(Supplied material)
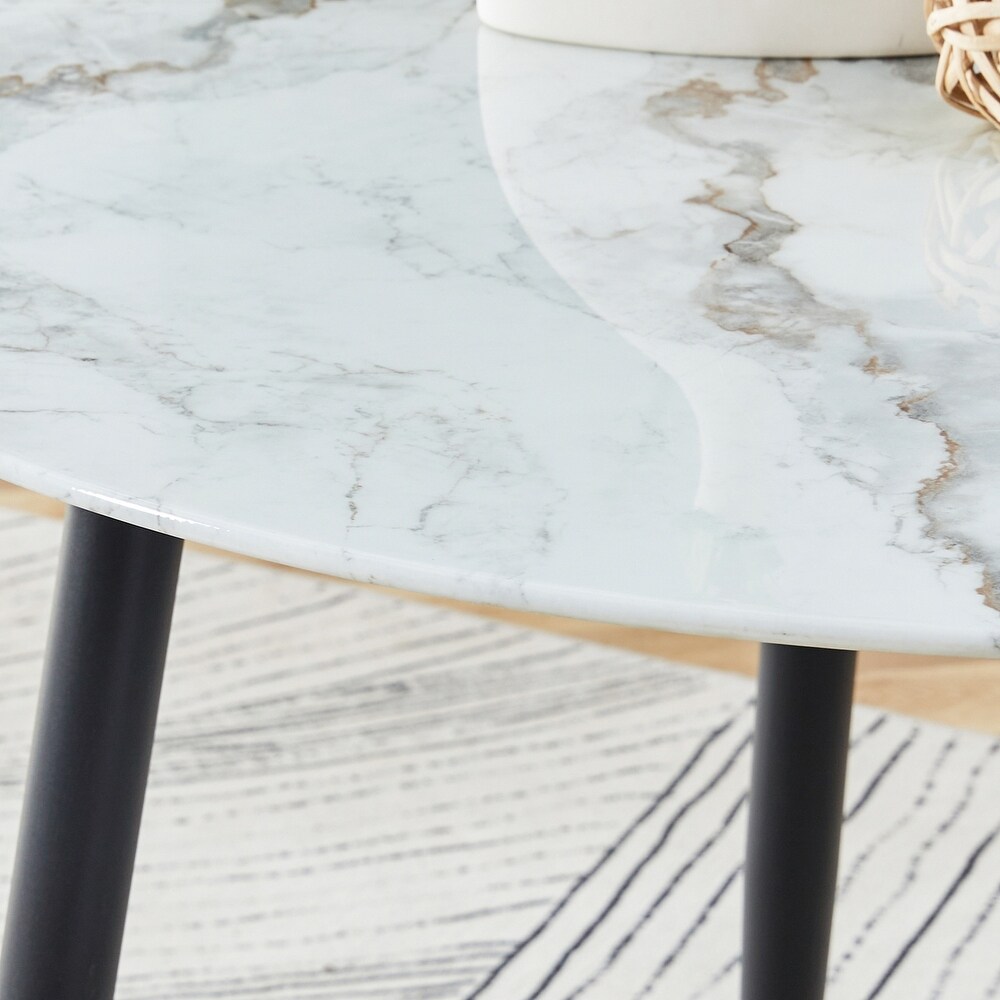 A modern circular dining table with a 0.3 inch thick white imitation marble pattern tabletop and black metal legs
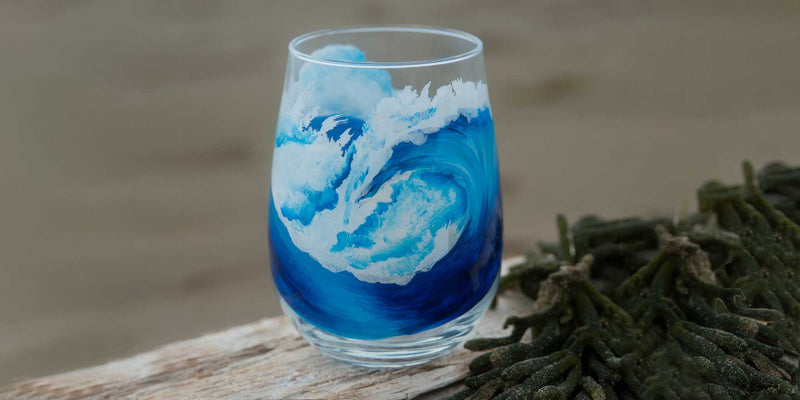 Hand painted Ocean Wave stemless white wine glass on a piece of driftwood with some sea grass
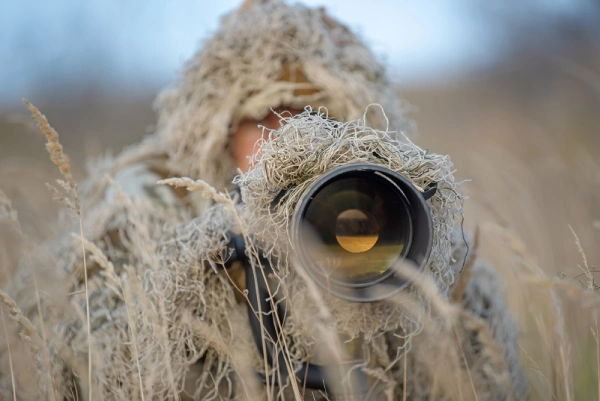 person in tan ghillie looking through large lens camera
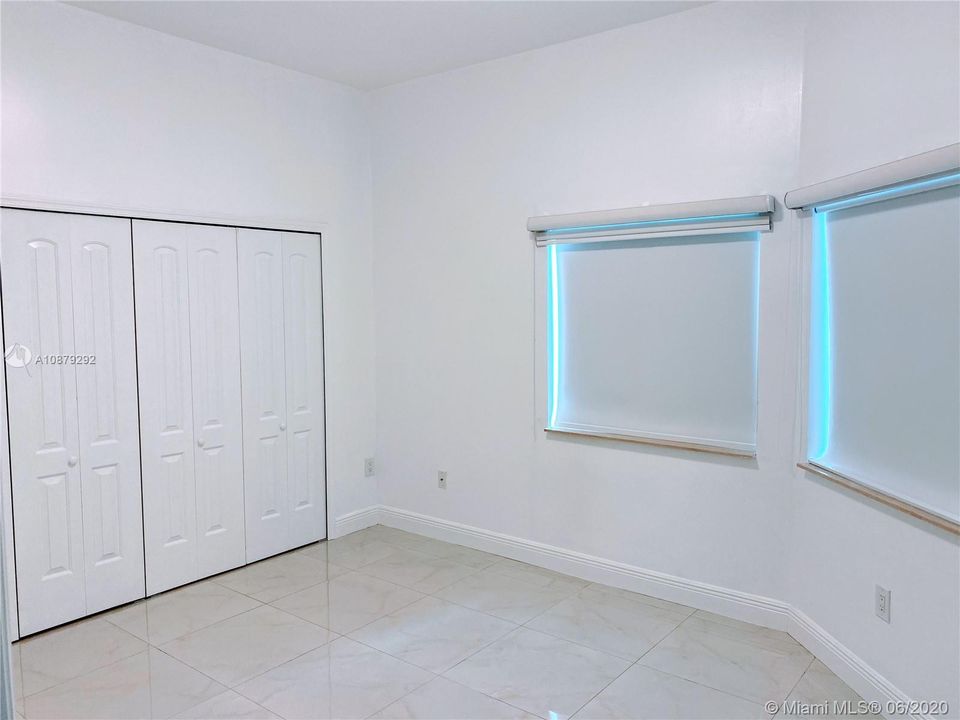 1st Bedroom w double closet and large window area.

(Problem requirements) Could you give all of the data again exactly as written, omitting any pictures?

(Answer to the exercise)
 A modern circular dining table with a 0.3 inch thick white imitation marble pattern tabletop and black metal legs
 Hand painted Ocean Wave stemless white wine glass on a piece of driftwood with some sea grass
 person in tan ghillie looking through large lens camera
 1st Bedroom w double closet and large window area.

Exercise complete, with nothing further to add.